**Input records**
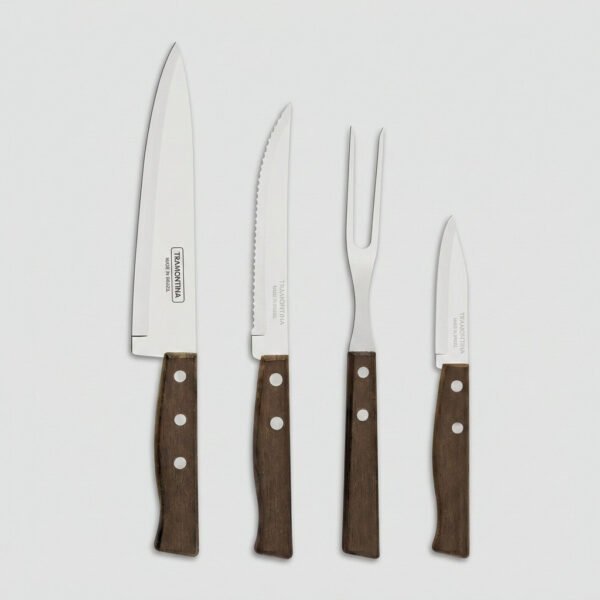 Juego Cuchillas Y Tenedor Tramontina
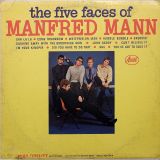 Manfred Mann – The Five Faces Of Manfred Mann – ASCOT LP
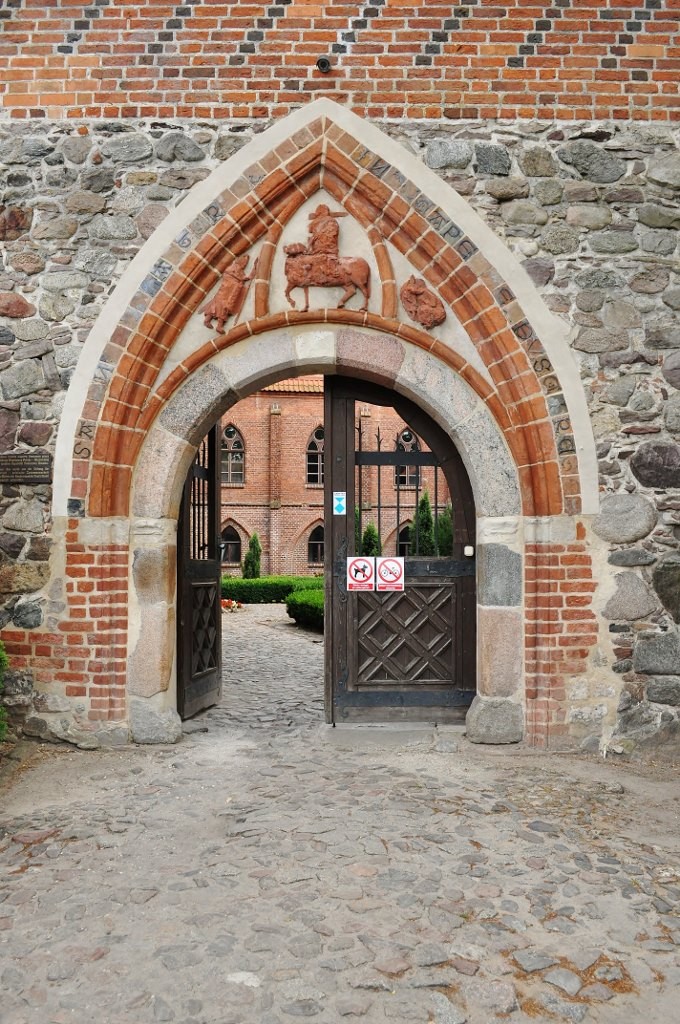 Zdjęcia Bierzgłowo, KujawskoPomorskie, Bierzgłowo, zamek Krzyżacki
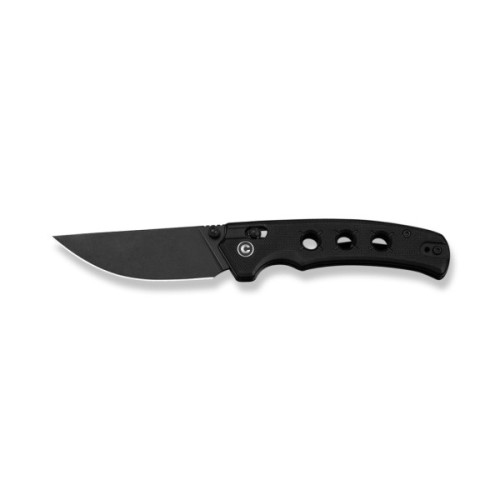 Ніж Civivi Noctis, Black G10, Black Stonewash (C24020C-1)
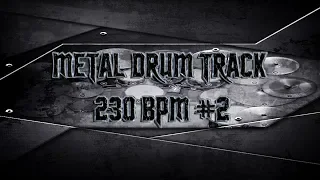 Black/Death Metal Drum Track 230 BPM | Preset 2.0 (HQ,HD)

**Work instructions**
Transcribe all of the data above exactly; no picture belongs in the copy.

**Exercise response**
 Juego Cuchillas Y Tenedor Tramontina
 Manfred Mann – The Five Faces Of Manfred Mann – ASCOT LP
 Zdjęcia Bierzgłowo, KujawskoPomorskie, Bierzgłowo, zamek Krzyżacki
 Ніж Civivi Noctis, Black G10, Black Stonewash (C24020C-1)
 Black/Death Metal Drum Track 230 BPM | Preset 2.0 (HQ,HD)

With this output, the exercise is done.